August 29, 2012
Isaac has turned into a full-blown Category 1 hurricane as it rolls toward the US Gulf Coast.
People in four states on Tuesday left boarded-up homes and New Orleans waited nervously behind flood-defence levees strengthened after the devastating Katrina struck exactly seven years ago.
The US National Hurricane Center said the storm, with 130km/h winds, had gained strength as it moved over the warm, open waters of the gulf. It was expected to reach the swampy coast of southeast Louisiana by early Wednesday (local time).
The focus has been on New Orleans, but the impact will be felt well beyond it, especially in expected storm surges of up to 3.5 metres in Louisiana, Mississippi, Alabama and Florida. The storm's winds could be felt more than 300km from its centre.
The hurricane has churned into the middle of the US presidential election, with Republicans this week meeting nearby in Florida to nominate Mitt Romney to challenge President Barack Obama.
The storm on Monday delayed the planned start of the Republican National Convention. Obama, mindful of how his administration's response to the storm could be judged, spoke on Isaac from the White House on Tuesday morning before departing on a three-state campaign trip.
"Now is not the time to tempt fate," Obama said. "You need to take this seriously."
Although Isaac's approach on the eve of the Katrina anniversary invited obvious comparisons, the storm is nowhere near as powerful as Katrina was when it struck on August 29, 2005. Katrina at one point reached Category 5 status, with winds of more than 250km/h, and made landfall as a Category 3 storm.
Mayor Mitch Landrieu did not activate a mandatory evacuation for Isaac. Instead, officials urged residents to hunker down and make do with the supplies they had.
"We don't expect a Katrina-like event, but remember there are things about a Category 1 storm that can kill you," Landrieu said.
Federal officials said the updated levees around New Orleans were equipped to handle storms stronger than Isaac. The levees are designed to withstand storm surges as high as 8m in some places.
But anxiety was high, especially in the city's Lower 9th Ward, wiped out by Katrina after floodwalls burst and let the waters rush in.
"I don't really trust the levees," said Robert Washington, who planned to evacuate along with his wife and five children. "I don't want to take that chance. I saw how it looked after Katrina back here."
His neighbourhood, just a few blocks from where the floodwall protecting the Lower 9th Ward broke open, remains largely empty.
Obama has declared a state of emergency in Louisiana and parts of Mississippi. The Louis Armstrong New Orleans International Airport said no flights were scheduled on Tuesday.
The US government said 78 per cent of the oil production in the Gulf of Mexico has been halted in preparation for the storm as companies have evacuated 346 offshore oil and gas production platforms. That's 17 per cent of daily US oil production.

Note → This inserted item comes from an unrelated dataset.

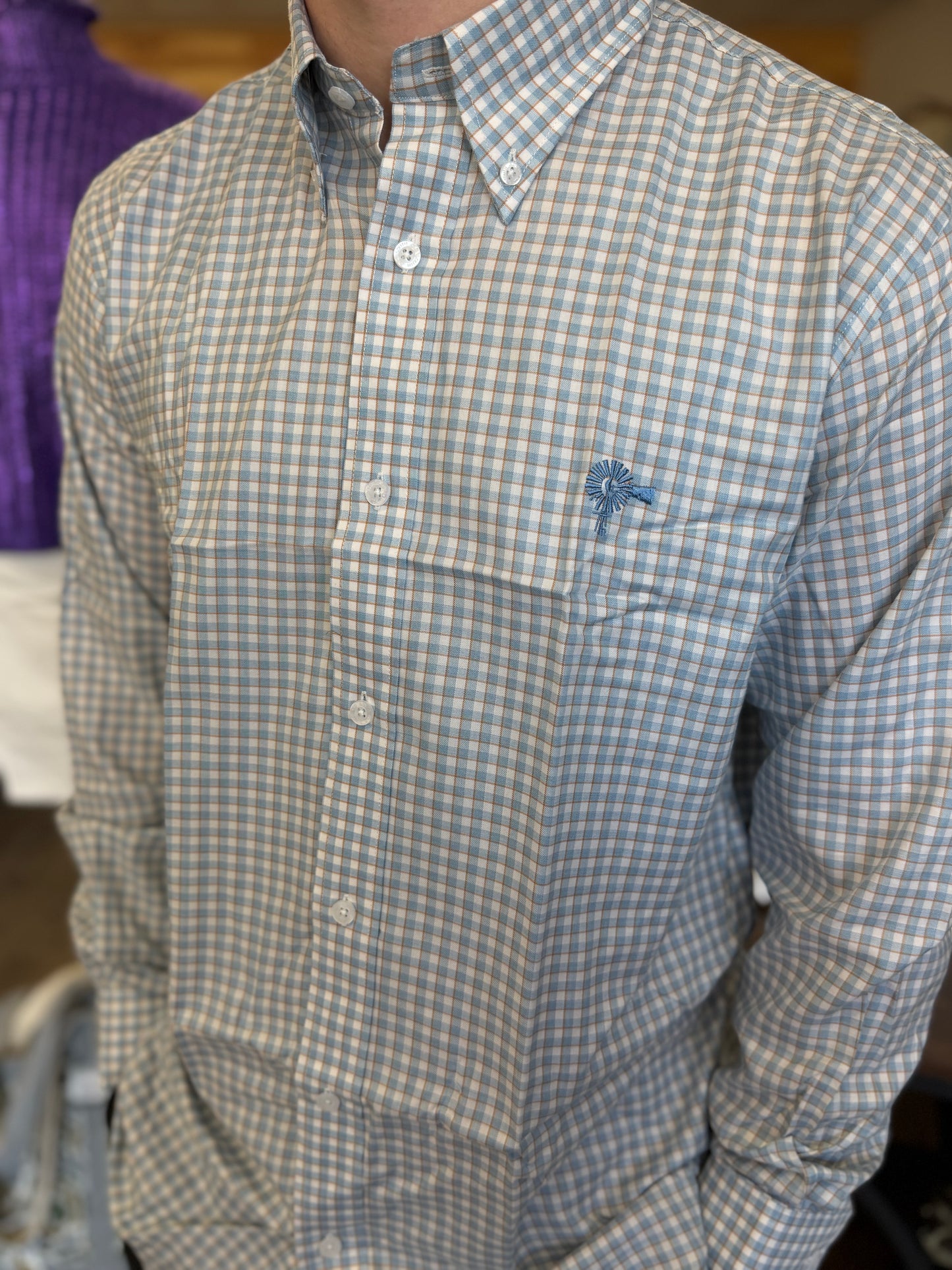 Old South Breeze Button Down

One question haunting locals was how much oil left over from the massive Gulf oil spill in 2010 might wind up on the beaches because of the storm. Experts believe large tar mats lie submerged just off the coast, but no one knows where they are or how many there might be.
Isaac left 24 dead in Haiti and the Dominican Republic but caused little damage in the Florida Keys as it blew past.